*INSTRUCTIONS TO FOLLOW*: Write out the full set of records exactly. Any pictures in them do not belong in the copy.

Collection entries:
%%
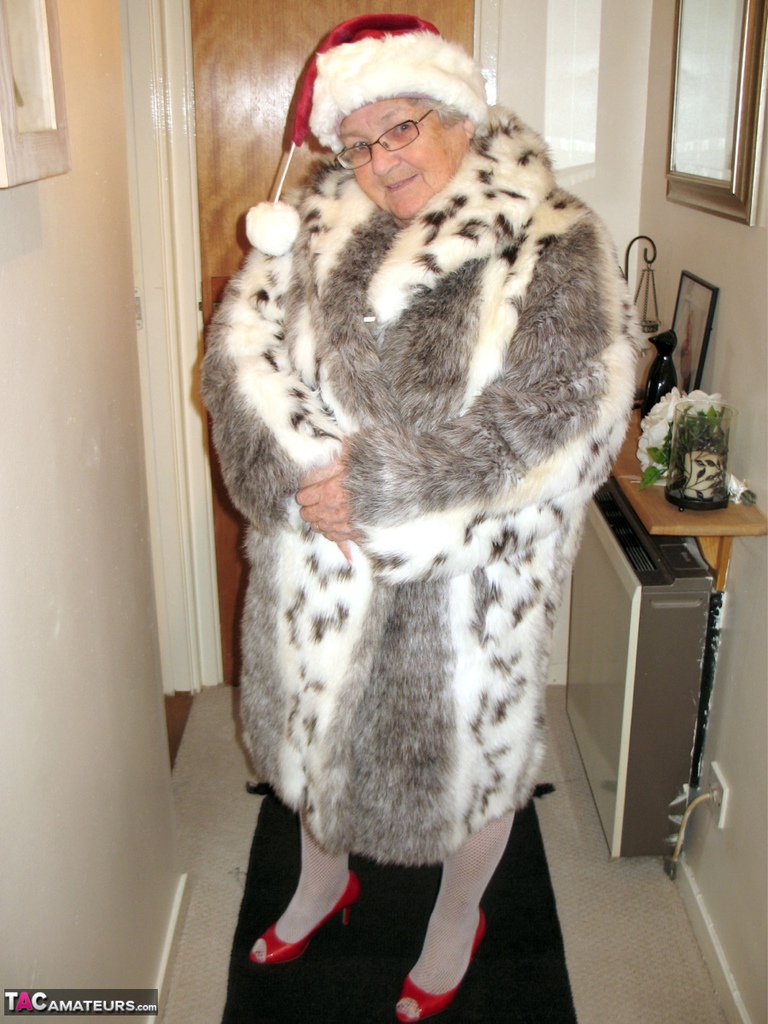 British nan Grandma Libby exposes her fat body in a Christmas hat and hosiery zdjęcie porno #422799710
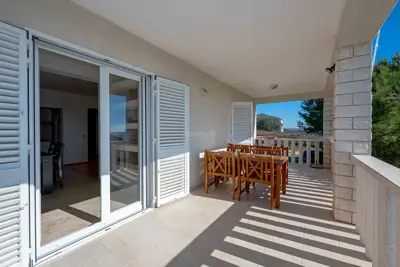 House 202 m², Rogoznica - quiet location and open sea view - 8
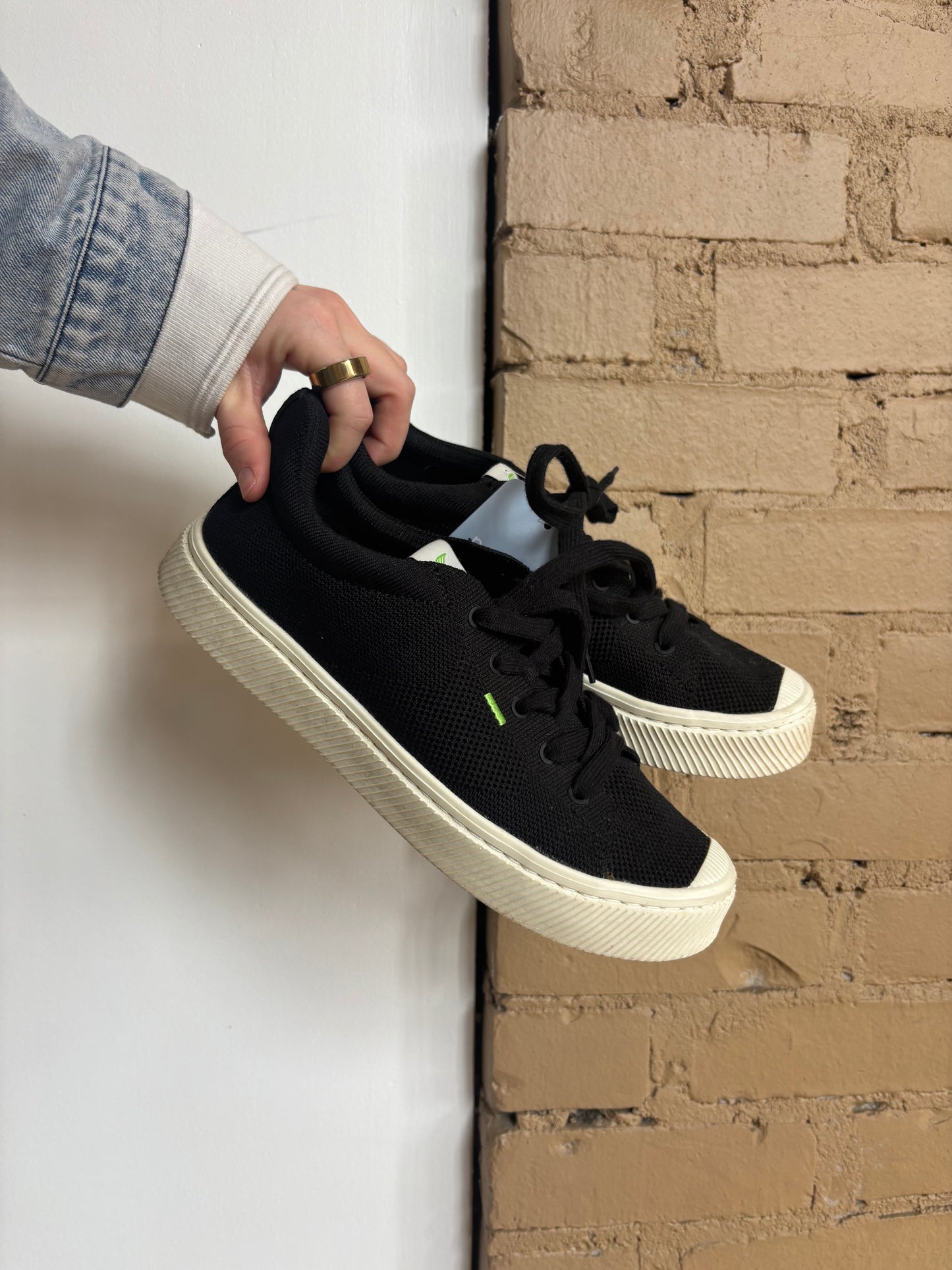 Booth 11 Cariuma Black Sneakers (9)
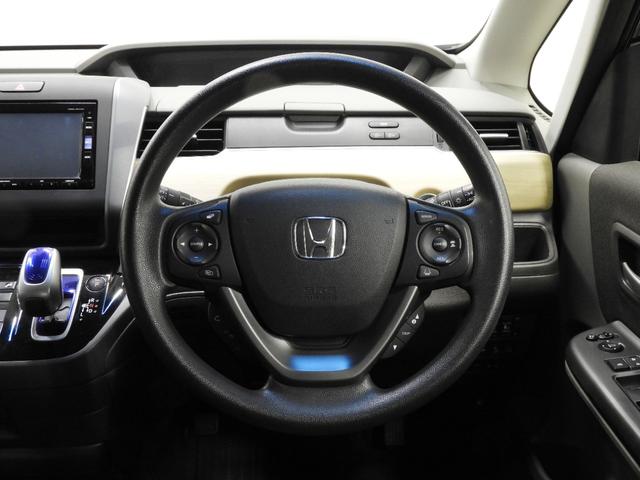 フリードハイブリッド ハイブリッド・Ｇホンダセンシング　４ＷＤ　両側パワースライドドア　ナビ　ｂｌｕｅｔｏｏｔｈ　衝突被害軽減ブレーキ　スマートキー　プッシュスタート　前席シートヒーター　ＥＴＣ（13枚目）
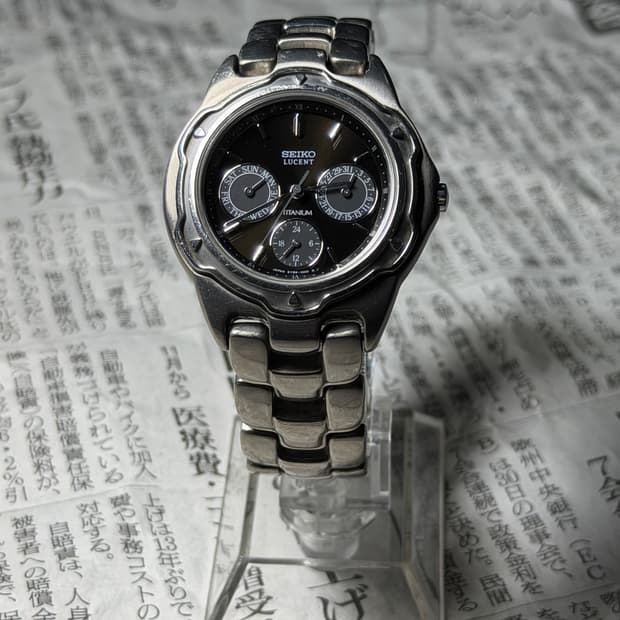 SEIKO quartz lucent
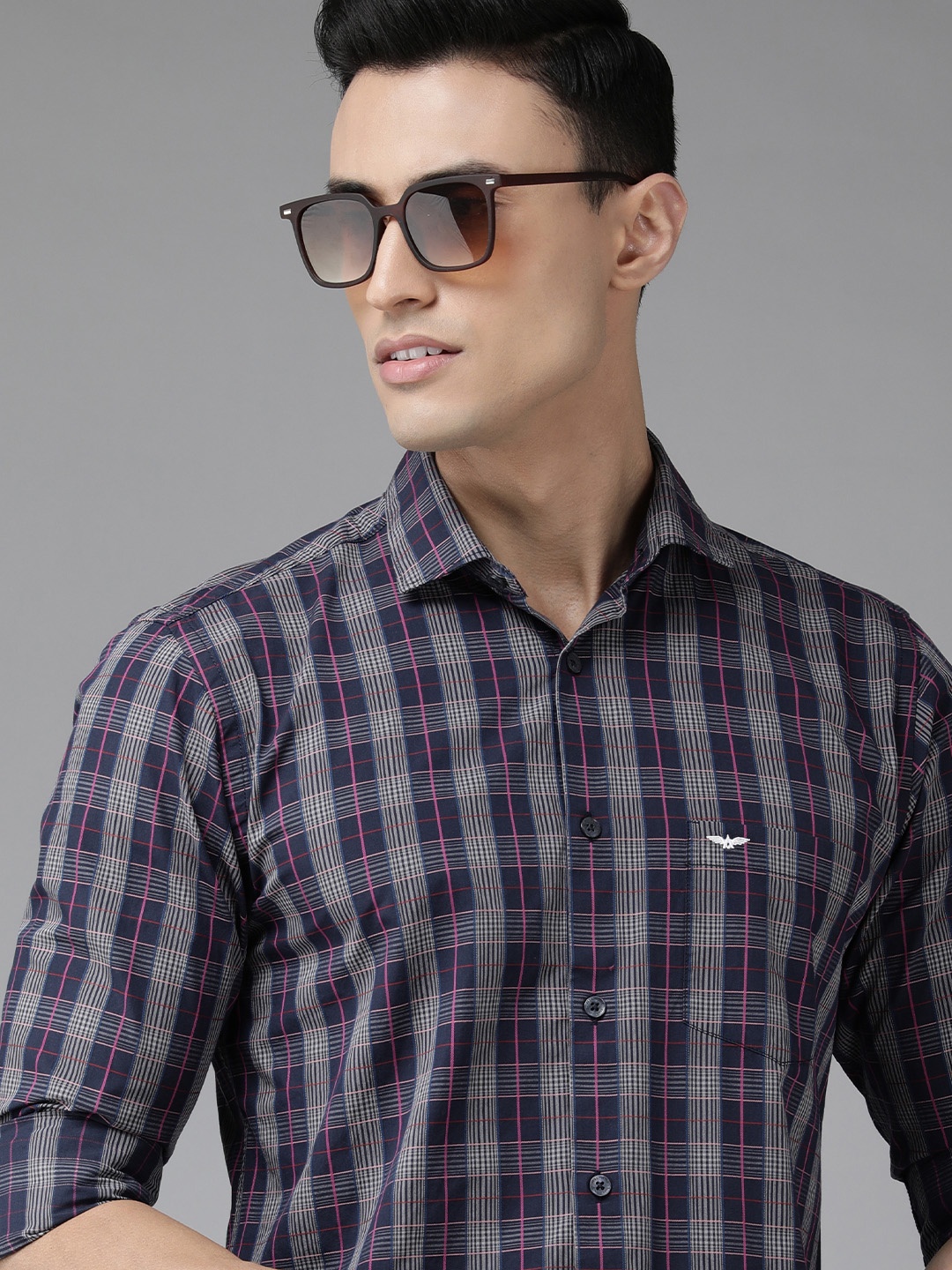 

Park Avenue Men Navy Blue & Grey Slim Fit Tartan Checked Pure Cotton Casual Shirt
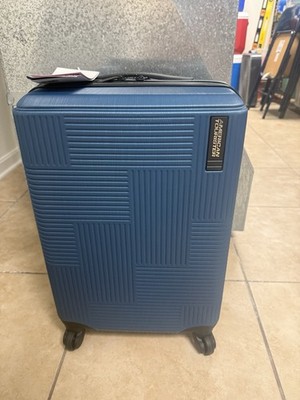 American Tourister Stratum XLT Expandable Hardside Blue Spruce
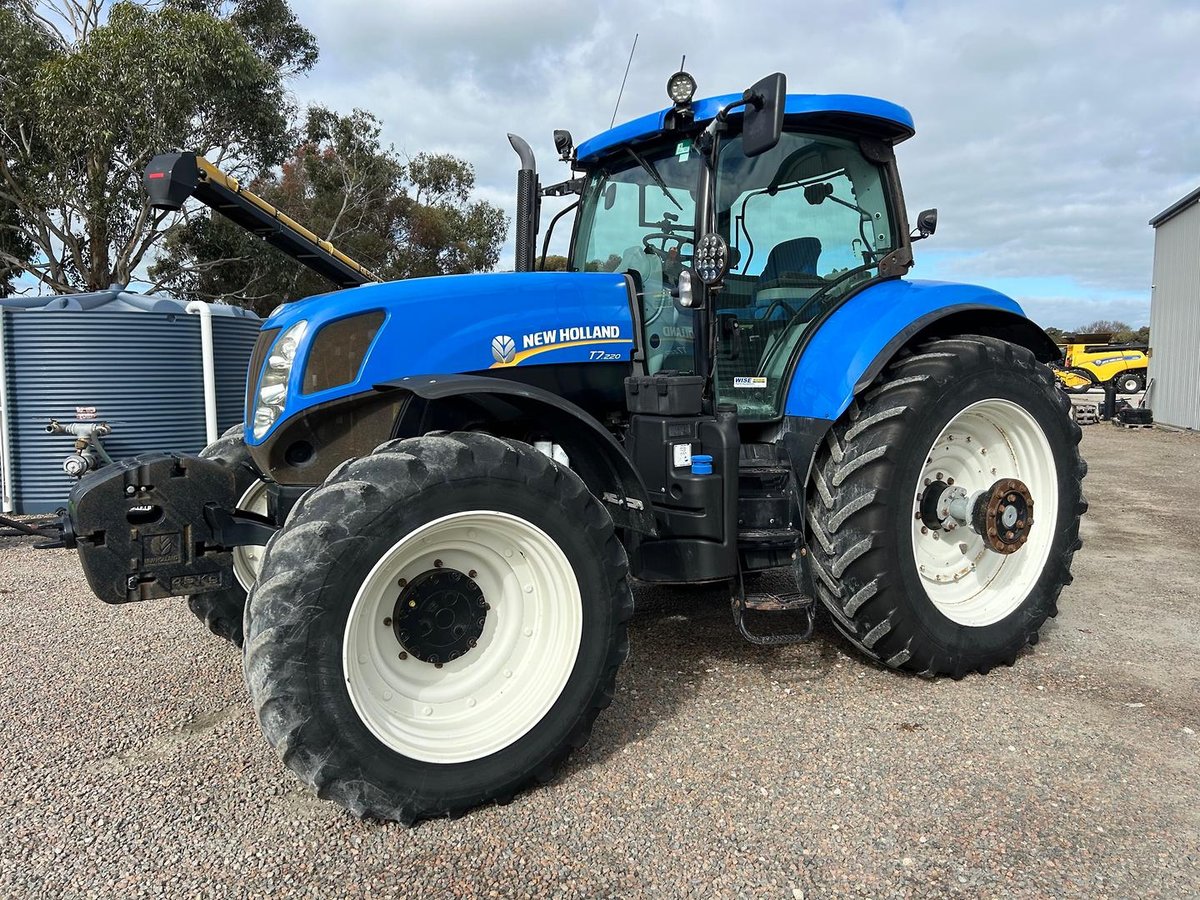 2011 New Holland T7.220 image 7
%%
*SOLUTION FOR THIS EXERCISE*:
 British nan Grandma Libby exposes her fat body in a Christmas hat and hosiery zdjęcie porno #422799710
 House 202 m², Rogoznica - quiet location and open sea view - 8
 Booth 11 Cariuma Black Sneakers (9)
 フリードハイブリッド ハイブリッド・Ｇホンダセンシング　４ＷＤ　両側パワースライドドア　ナビ　ｂｌｕｅｔｏｏｔｈ　衝突被害軽減ブレーキ　スマートキー　プッシュスタート　前席シートヒーター　ＥＴＣ（13枚目）
 SEIKO quartz lucent

Park Avenue Men Navy Blue & Grey Slim Fit Tartan Checked Pure Cotton Casual Shirt
 American Tourister Stratum XLT Expandable Hardside Blue Spruce
 2011 New Holland T7.220 image 7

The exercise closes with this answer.